You are married and living with your wife. My number one piece of advice would be to get into counselling with her ASAP. If my partner had been able to recognise that there was a problem and work with me (as opposed to telling me that I needed to be the adult), we may be in a much situation. You need to be able to enjoy your time with your DD. Your wife needs to feel heard and respected.

The comment she has made re rewarding poor behaviour leads me to believe that she doesn’t believe you have managed the situation appropriately at all. As like me, she is probably of the view that she would never let her child behave this way in someone else’s home without consequences. You obviously don’t feel that way.

And that disjoint if you’re not careful, will implode your relationship. And I repeat, if as an adult you let a 9 year old have this much control in your life, then brace brace. Because when this kids hits their teens, you’ll really start to see the consequences of not nipping this in the bud now.

champagneandfromage50 Tue 11-Feb-20 11:37:37

you hardly see your DC and instead of spending one to one time when you do you try and get her to join in with your 'new' family. Spend time with your DD on her own....feel sorry for the poor girl

sassbott Tue 11-Feb-20 11:42:07

I will add that my children also went to counselling (within their school environment) to help them process and manage their emotions post separation/ divorce. Neither parent was involved. Too many parents (again focused on what they want) insist on being involved in their child’s counselling. Why? Let the child voice their emotions in a safe space with someone completely neutral.

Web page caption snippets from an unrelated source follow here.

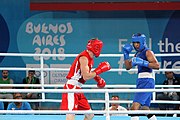 Deutsch: Boxen bei den Olympischen Jugendspielen 2018 Tag 12, 18. Oktober 2018 - Kampf um die Bronzemedaille im Fliegengewicht Mädchen – Timur Merjanow (Usbekistan, rot) schlägt Youssef Ali Karar Ali (Ägypten, blau) 5-0; Ringrichter ist Antonín Gaspar (Tschechien). English: Boxing at the 2018 Summer Youth Olympics on 18 October 2018 – Boy's heavyweight Bronze Medal Bout - Timur Merjanov (Uzbekistan, red) beats Youssef Ali Karar Ali (Egypt, blue) 5-0; Referee is Antonín Gaspar (Czech Republic). Español: Boxeo en los Juegos Olímpicos Juveniles de Verano de 2018 en 18 de octubre de 2018 - Medalla de bronce de peso pesado del muchacho: Timur Merjanov (Uzbekistán, roja) le gana a Youssef Ali Karar Ali (Egipto, azul) 5-0; El árbitro es Antonín Gaspar (Republica checa).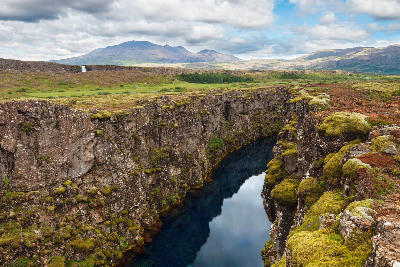 Rocky tectonic fissure filled with clear water at Þingvellir National Park in Iceland.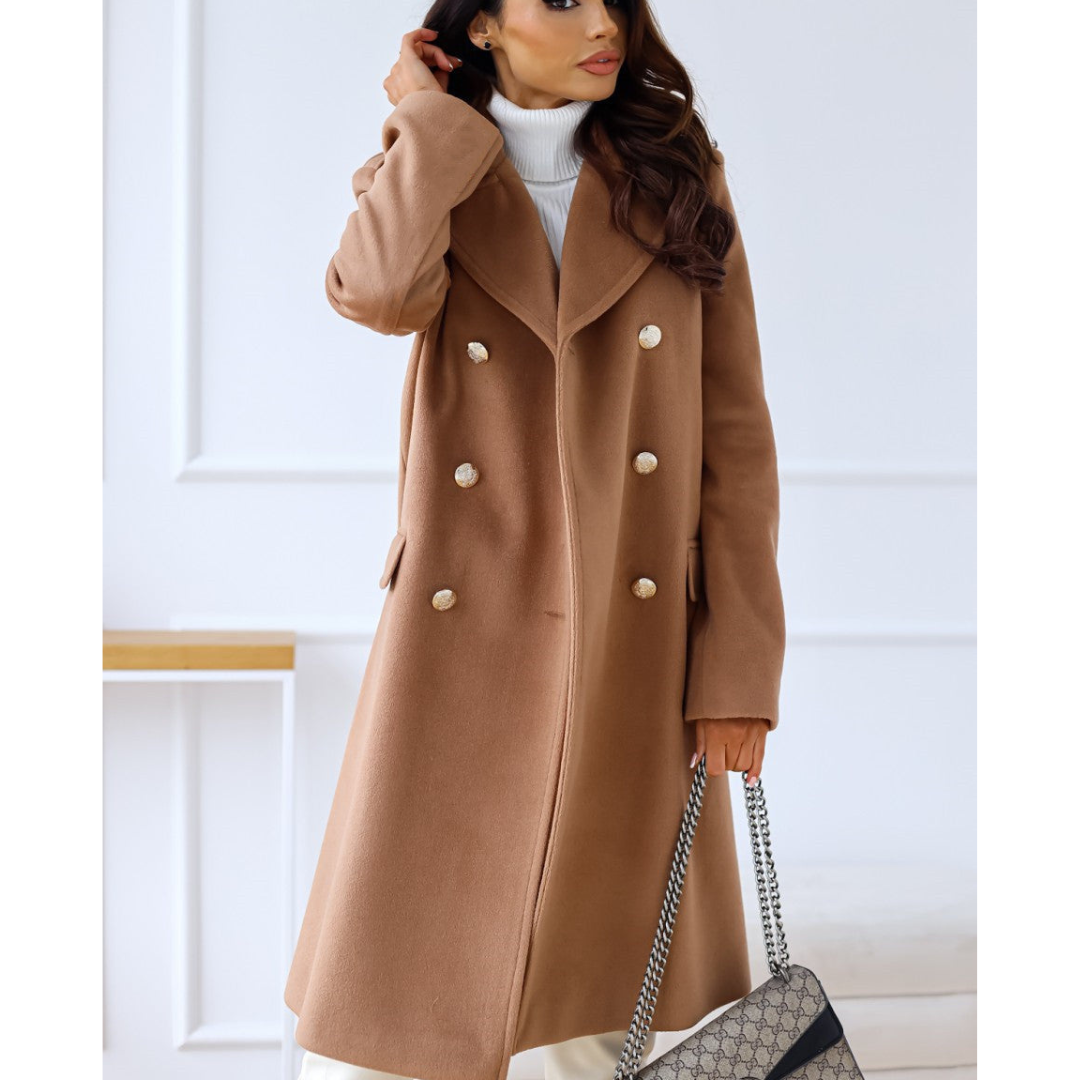 Manteau Elicia élégant pour femme, coupe raffinée et matière chaude adaptée aux journées hivernales.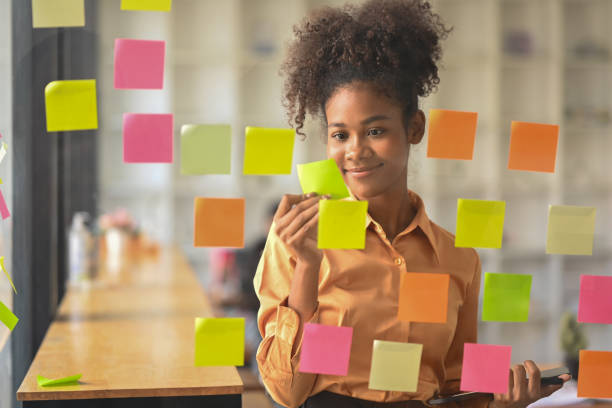 istock Pleasant African American business woman analyzing process schedule, looking at sticky notes on board. Through glass view. 1462493741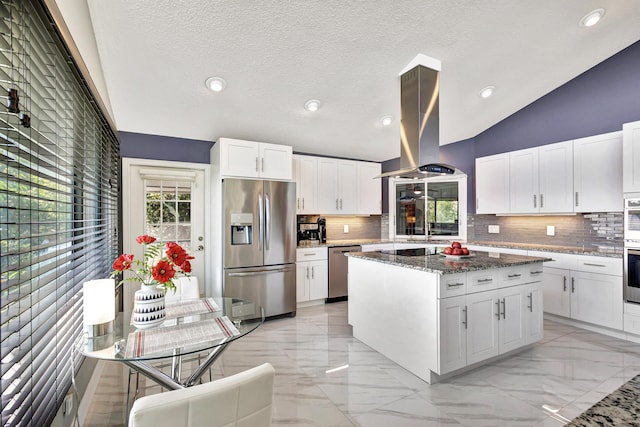 kitchen featuring sink, stainless steel fridge with ice dispenser, stone countertops, white cabinetry, and island exhaust hood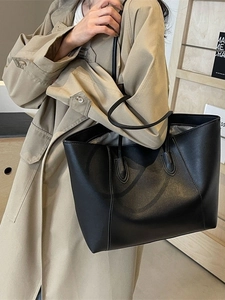 Minimalist black leather tote bag with dual handles for daily commute and stylish office wear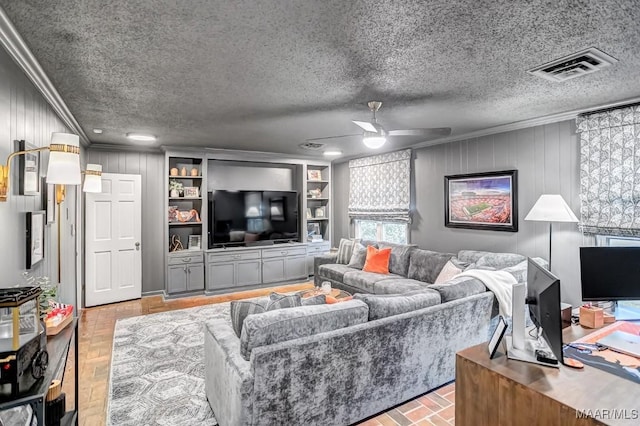 living room with ceiling fan, built in features, ornamental molding, and a textured ceiling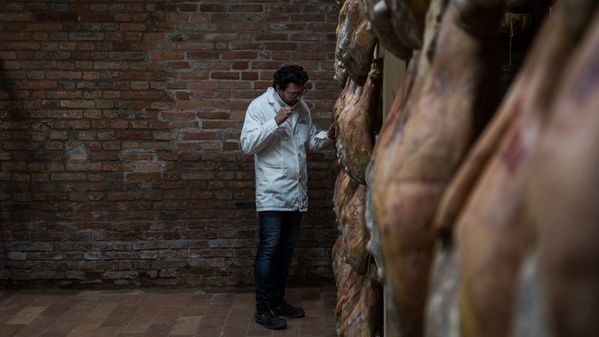 Image of Stefano Bettella testing the hanging legs of ham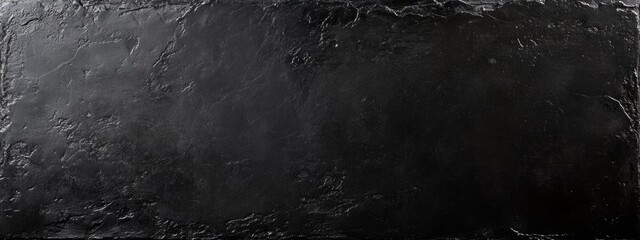 Sleek Black Surface, a smooth dark texture with a polished finish, exuding elegance through subtle light reflections.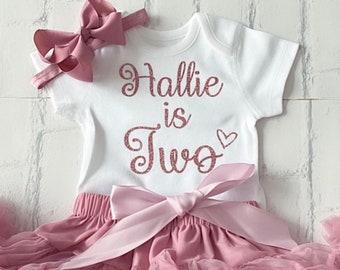 May include: A white onesie with the text "Hallie is Two" in rose gold glitter. The onesie is paired with a pink tulle tutu and a pink bow headband.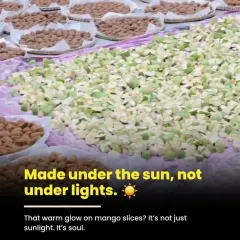 Our pickles are made under the sun, not under artificial lights. That warm glow on the mango slices isn't just sunlight; it's the soul of our traditional process, which allows the flavours to mature naturally.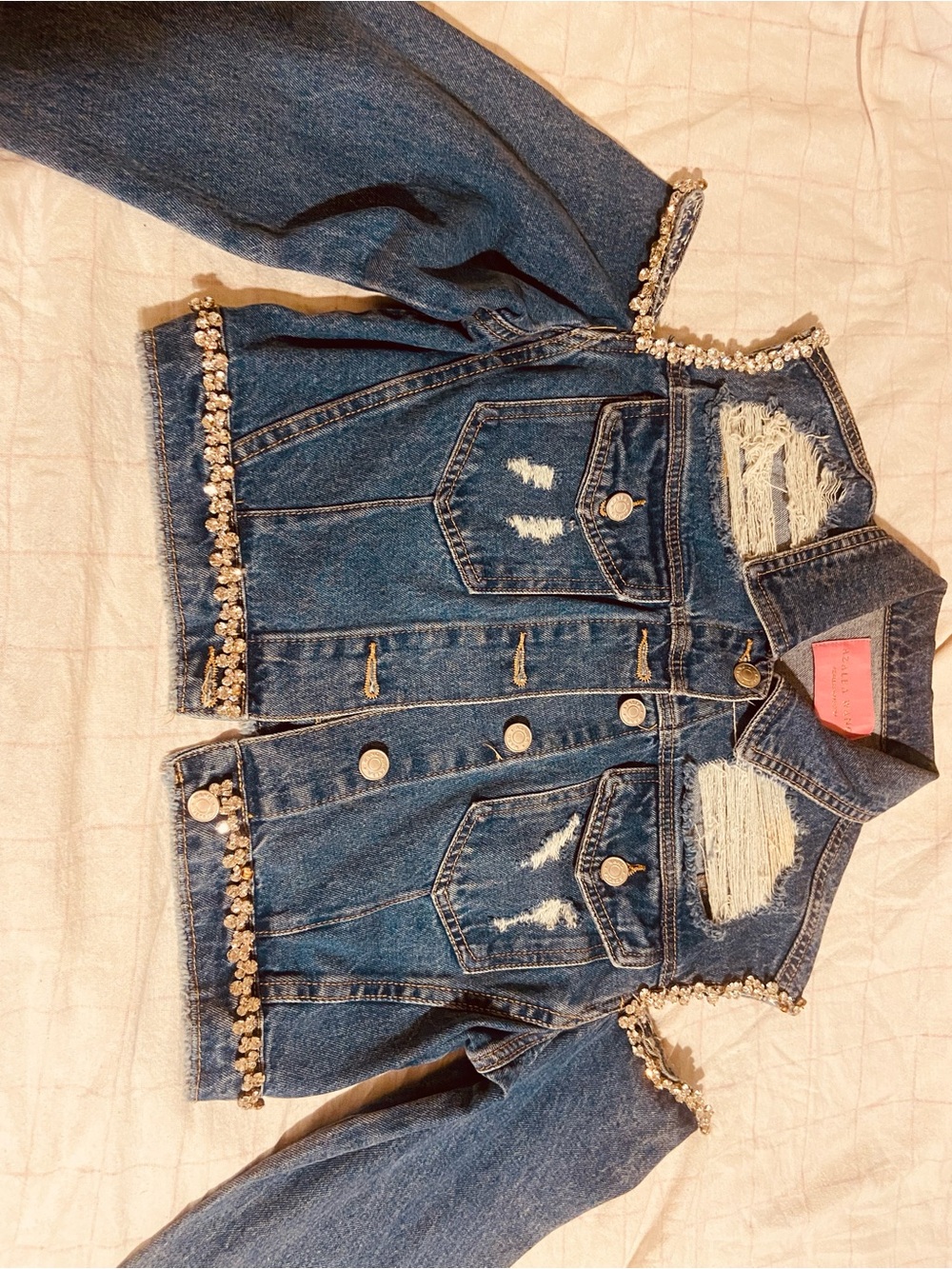 Distressed Open Shoulder Denim Jacket with Crystal Trim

I’d get that put into motion ASAP too. And a telling sign for you will be of your EXW agrees to that starting. If she doesnt, then that would be a red flag for me and give me some indication (regardless of what she shows on the surface) as to whether any of these behaviours are coming (knowingly or unknowingly) as a result of what your EXW may be saying/ doing.

Bluerussian Tue 11-Feb-20 12:11:39

It doesn't sound as though your daughter is behaving badly, she just goes quiet. She can't help it! It's not unusual to feel awkward at that age. Why don't you just let her be herself, leave her to do her own thing? I agree with others that one on one time with her is important.